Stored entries
********
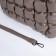 Load bag with zipper, long belt, beige color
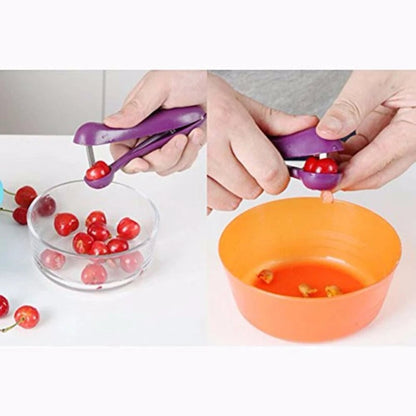 Cherry Pit Remover Tool - Stainless Steel Olive Seed Kitchen Gadget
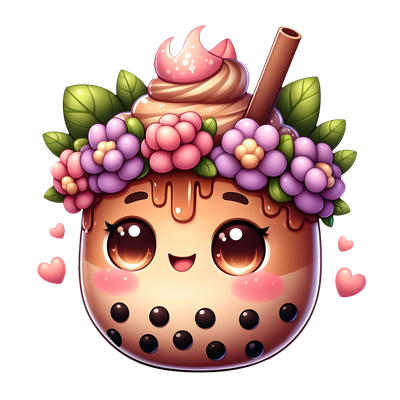 Boba tea fleur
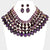 purple crystal glass bib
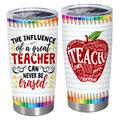 TEEZWONDER Thank You Gifts for Women - Chaos Coordinator 20 oz Stainless Steel Insulated Tumbler with Lid - Employee Appreciation Birthday Gifts for Women Coworkers Boss Teacher Nurse Friend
********
Leaving the pictures aside, write out the entries above exactly.

 Load bag with zipper, long belt, beige color
 Cherry Pit Remover Tool - Stainless Steel Olive Seed Kitchen Gadget
 Boba tea fleur
 purple crystal glass bib
 TEEZWONDER Thank You Gifts for Women - Chaos Coordinator 20 oz Stainless Steel Insulated Tumbler with Lid - Employee Appreciation Birthday Gifts for Women Coworkers Boss Teacher Nurse Friend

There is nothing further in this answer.